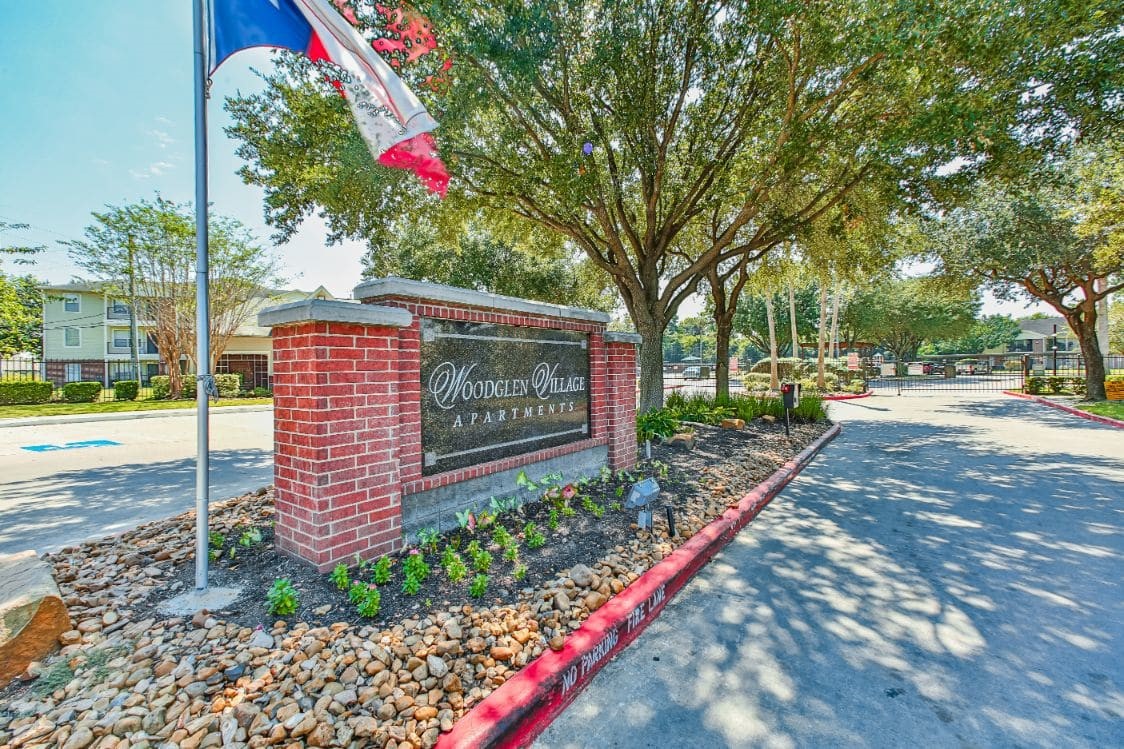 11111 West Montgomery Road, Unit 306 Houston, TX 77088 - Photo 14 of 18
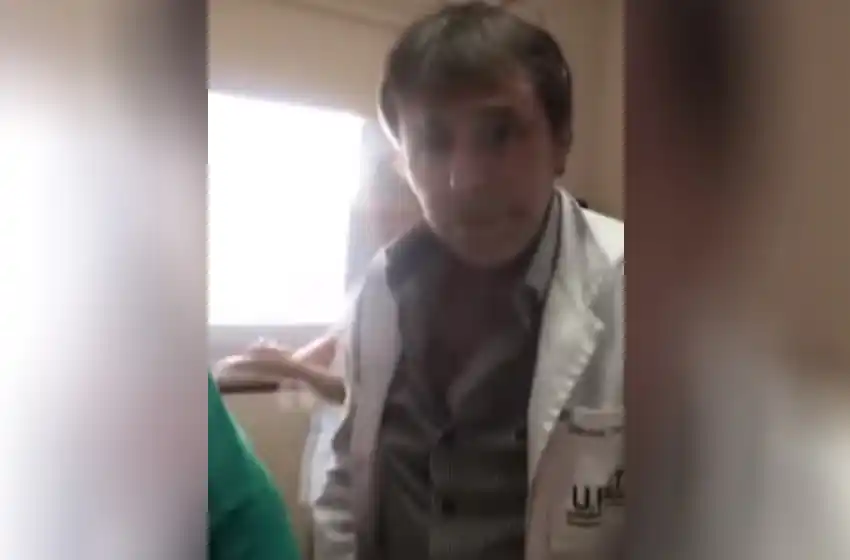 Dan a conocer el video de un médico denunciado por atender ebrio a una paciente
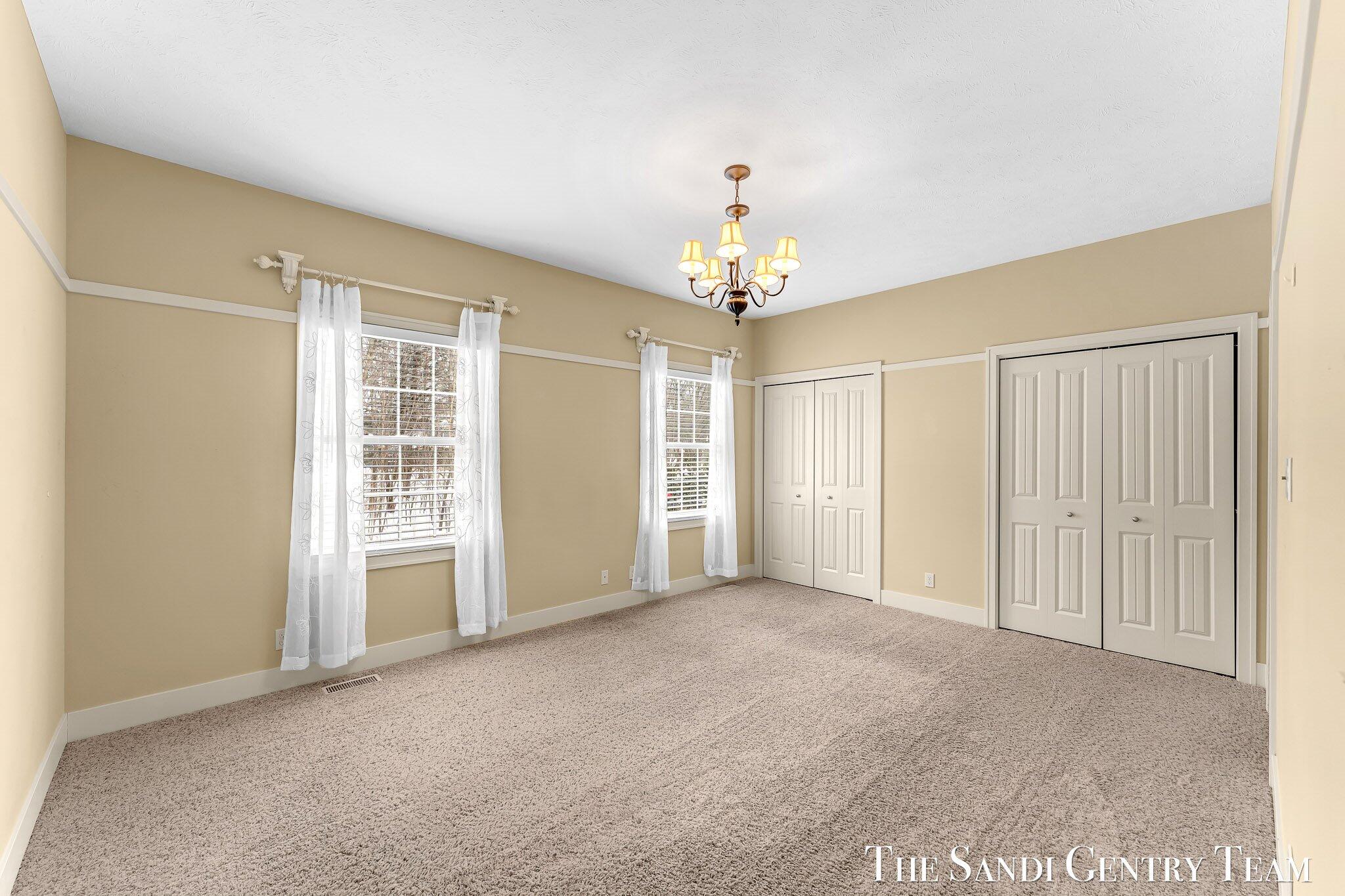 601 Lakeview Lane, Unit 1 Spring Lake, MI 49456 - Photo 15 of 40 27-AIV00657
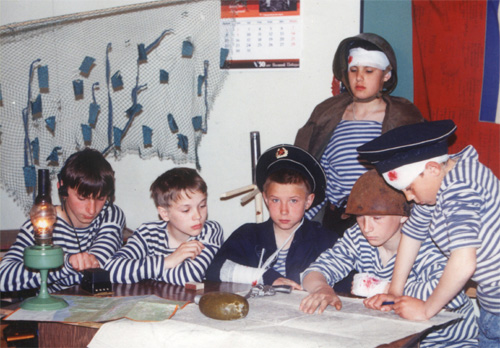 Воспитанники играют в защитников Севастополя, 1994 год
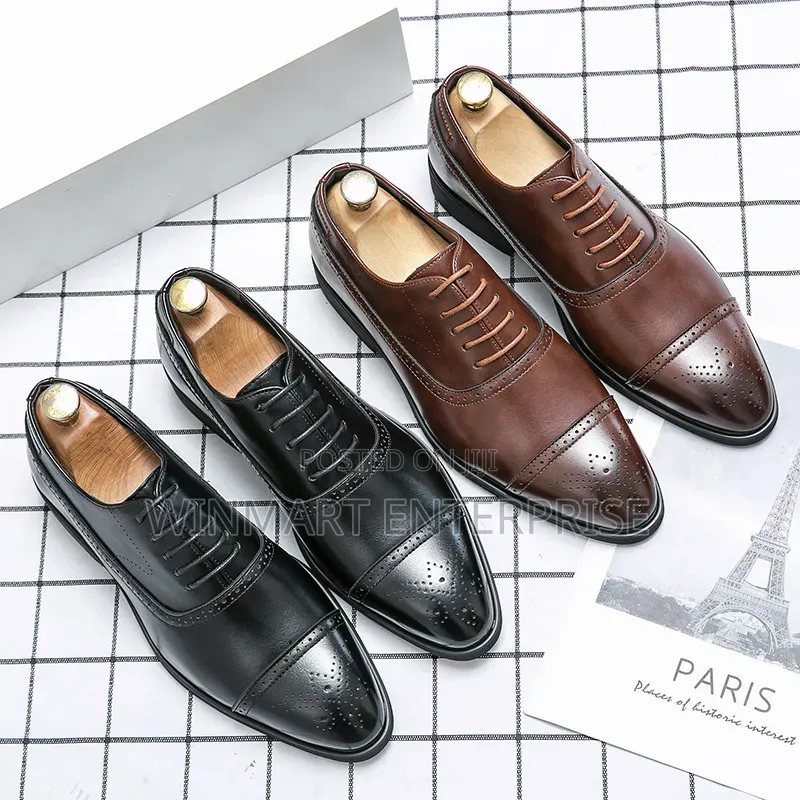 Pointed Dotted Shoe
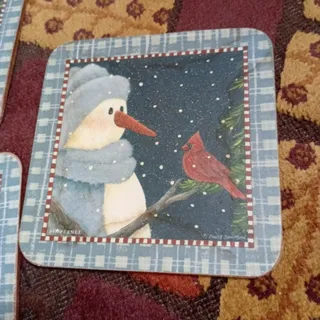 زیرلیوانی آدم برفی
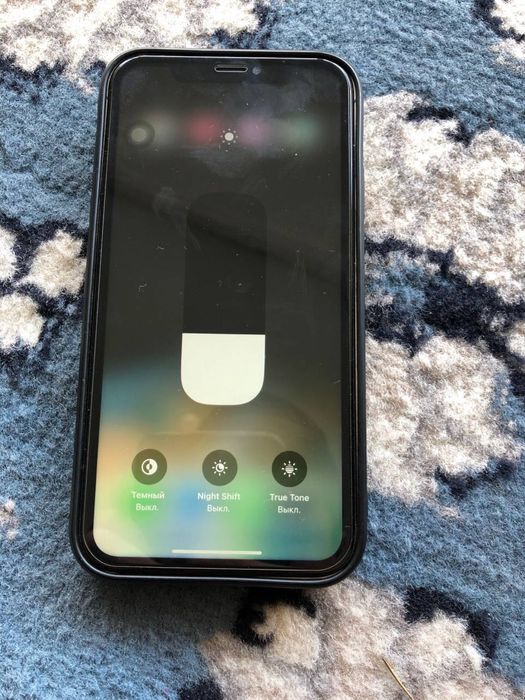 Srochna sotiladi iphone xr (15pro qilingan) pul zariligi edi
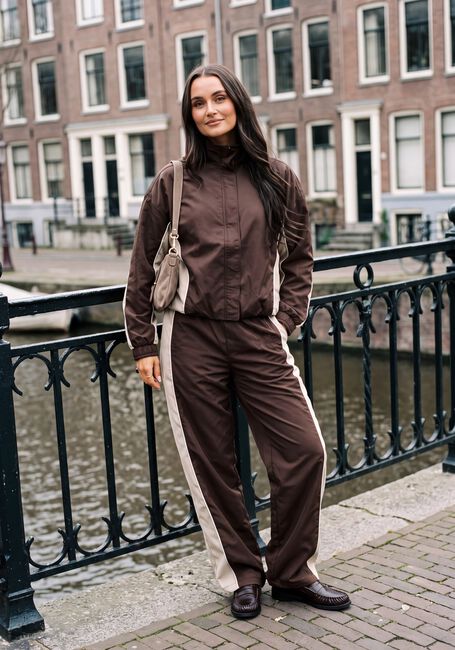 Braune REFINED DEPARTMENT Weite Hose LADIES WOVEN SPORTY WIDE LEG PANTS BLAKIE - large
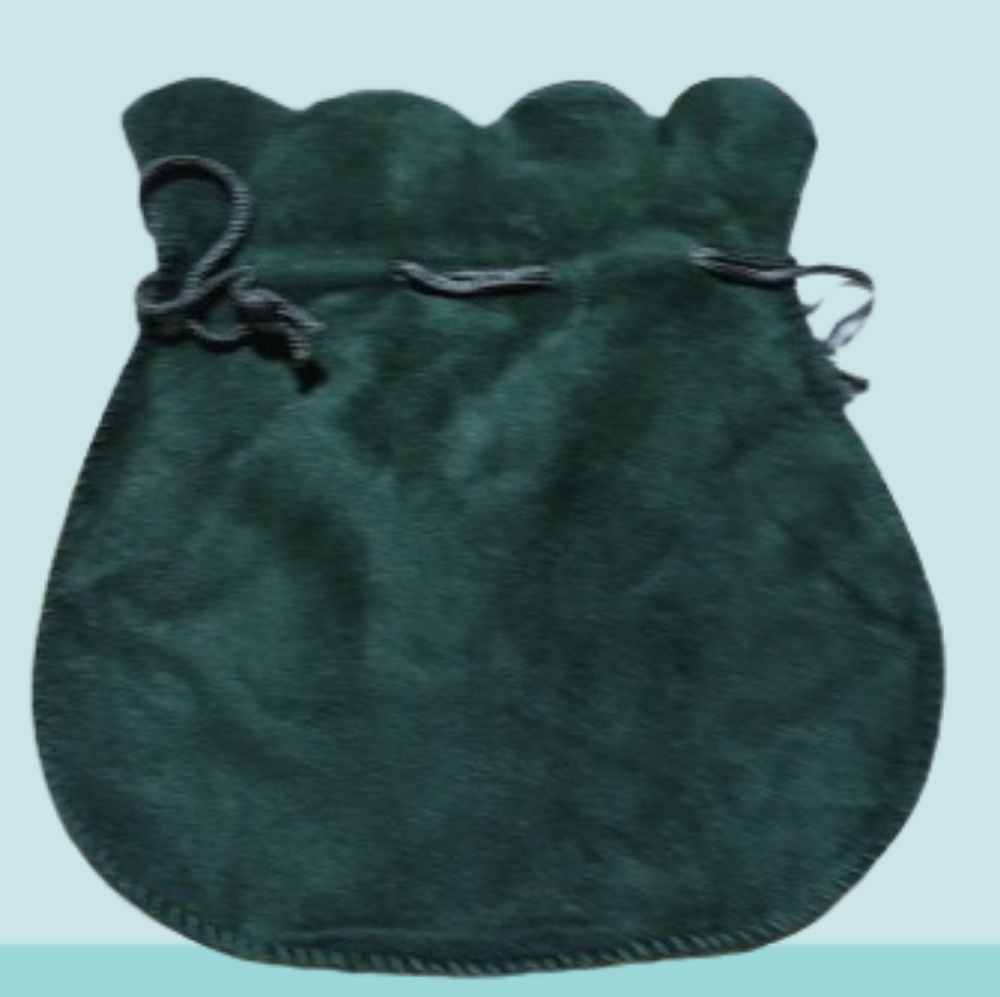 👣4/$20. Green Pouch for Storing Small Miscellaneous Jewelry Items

● ● ● ● ● ● ●

Leave the pictures out and reproduce every record above exactly.

 11111 West Montgomery Road, Unit 306 Houston, TX 77088 - Photo 14 of 18
 Dan a conocer el video de un médico denunciado por atender ebrio a una paciente
 601 Lakeview Lane, Unit 1 Spring Lake, MI 49456 - Photo 15 of 40 27-AIV00657
 Воспитанники играют в защитников Севастополя, 1994 год
 Pointed Dotted Shoe
 زیرلیوانی آدم برفی
 Srochna sotiladi iphone xr (15pro qilingan) pul zariligi edi
 Braune REFINED DEPARTMENT Weite Hose LADIES WOVEN SPORTY WIDE LEG PANTS BLAKIE - large
 👣4/$20. Green Pouch for Storing Small Miscellaneous Jewelry Items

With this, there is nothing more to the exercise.